Spark Losses. From the diagram shown in Fig. 57, it is evident that one of the principal heat losses is that of sparks. By the term sparks is meant the small particles of partially burned coal which are drawn through the flues and ejected through the stack by the action of the exhaust. In the operation of a locomotive, it has been demonstrated that the weight of sparks or cinders increases with the rate of combustion and may reach a value of from 10 to 15 per cent of the total weight of coal fired. Damage suits frequently arise, due to fires started by cinders thrown from the stack of the locomotive. Experiments have shown, however, that sparks from a locomotive will not be likely to start fires beyond the right of way.
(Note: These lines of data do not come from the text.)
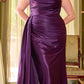 Ladivine CD349C Long Side Sash Overlay Fitted Stretch Satin Gown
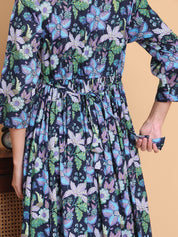 Blue Floral Cotton Calf Length Maternity Suit Sets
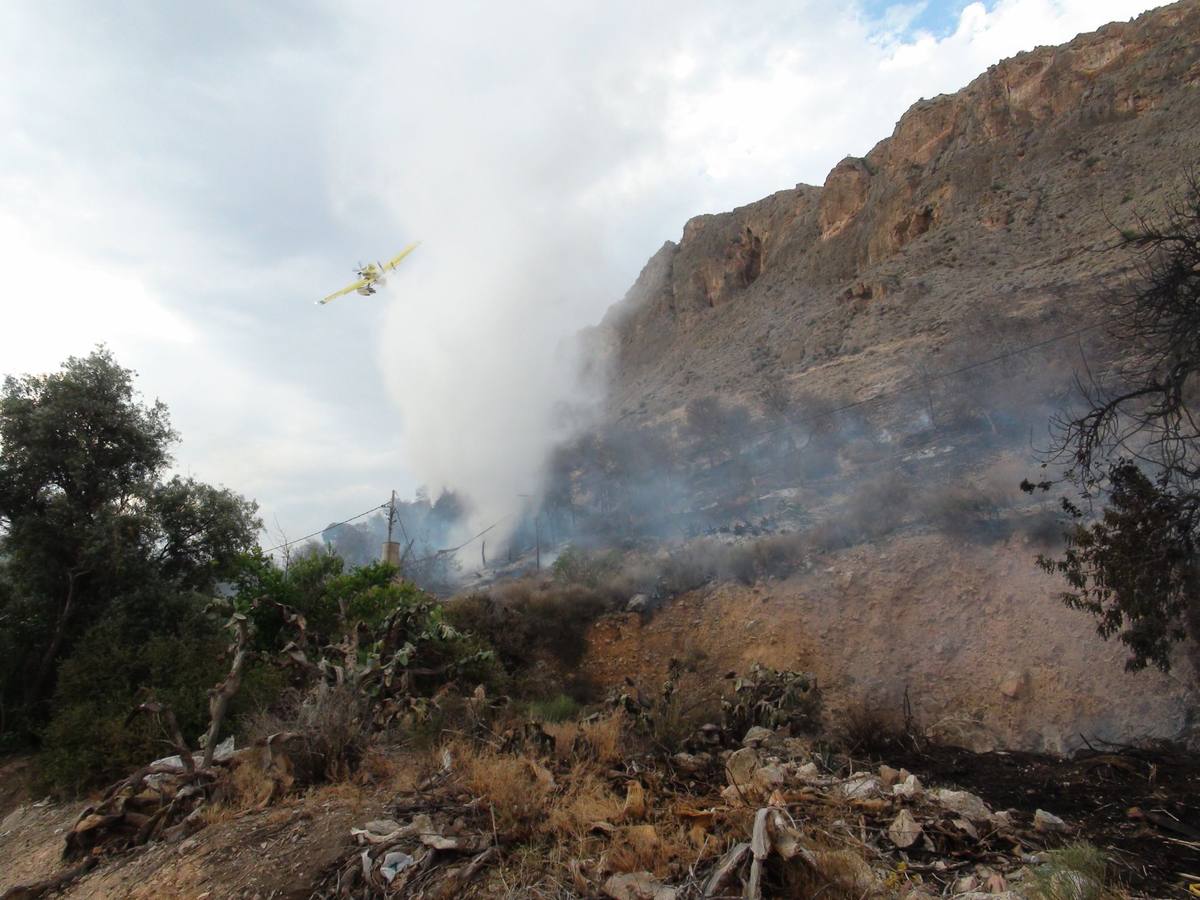 Un incendio calcina casi cuatro hectáreas de monte en Orihuela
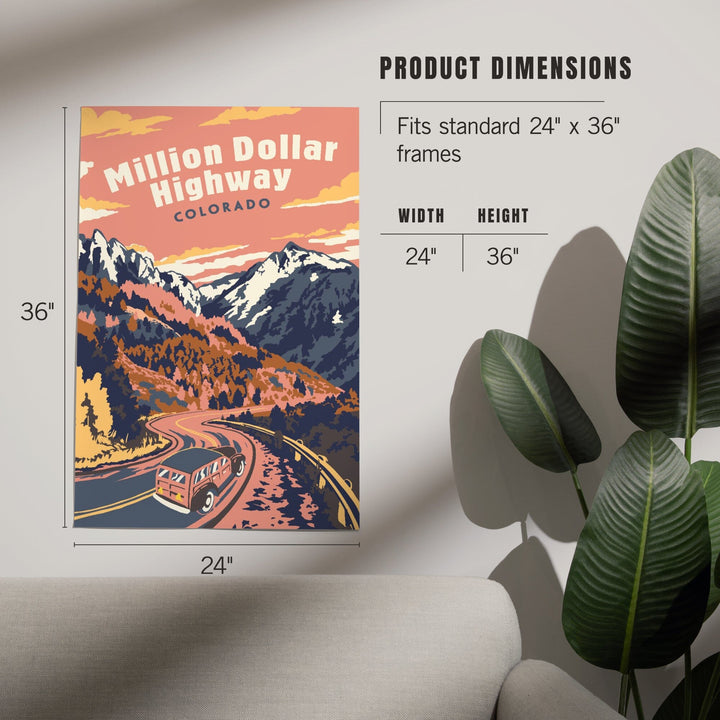 Colorado, Explorer Series, Million Dollar Highway, Art & Giclee Prints Art Lantern Press 
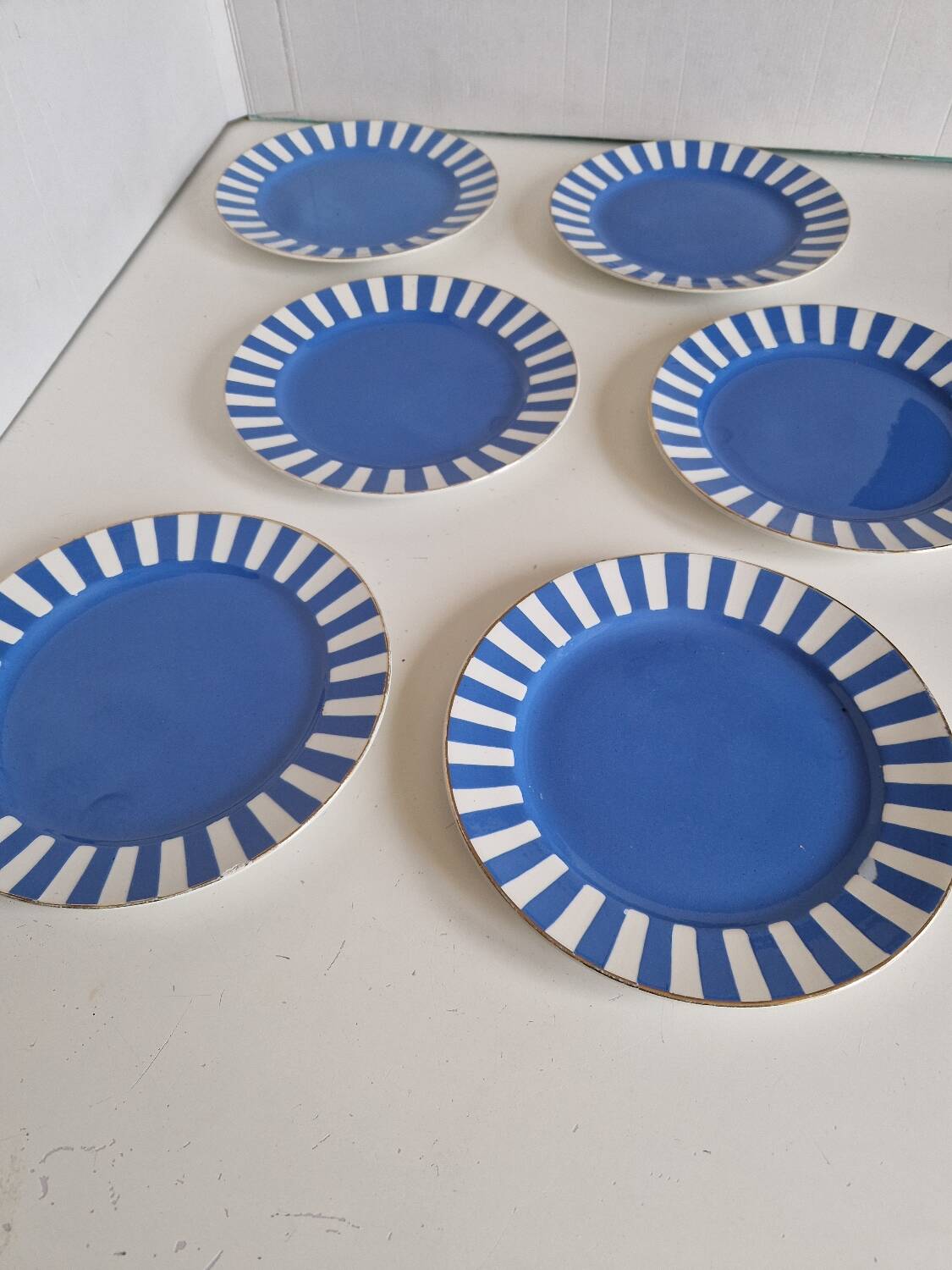 Set of 6 dessert plates, Fox trott model, Sarreguemines factory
High Steam Pressures. With the development of high-power locomotives came the use of high steam pressures. At first, only very low pressures were carried but soon 200 pounds pressure per square inch became very common and 220 and 225 not unusual. But with the increase of pressure there came an increase in trouble due to bad water, leaky flues, and an increase in incidental leaks in the boiler. All of these factors affected the performance of the locomotive. To determine to what extent the economic performance of the boiler was affected by an increase of steam pressure and also the most economical steam pressure to use, a series of tests were carried out at Purdue University. The following are the conclusive results as read before the Western Railway Club by Dean W. F. M. Goss:
THE EFFECT OF DIFFERENT PRESSURES UPON BOILER PERFORMANCE
- The evaporative efficiency of a locomotive boiler is but slightly affected by changes in pressure between the limits of 120 pounds and 240 pounds.
- Changes in steam pressure between the limits of 120 pounds and 240 pounds will produce an effect upon the efficiency of the boiler which will be less than one-half pound of water per pound of coal.
- It is safe to conclude that changes of no more than 40 or 50 pounds in pressure will produce no measurable effect upon the evaporative efficiency of the modern locomotive boiler.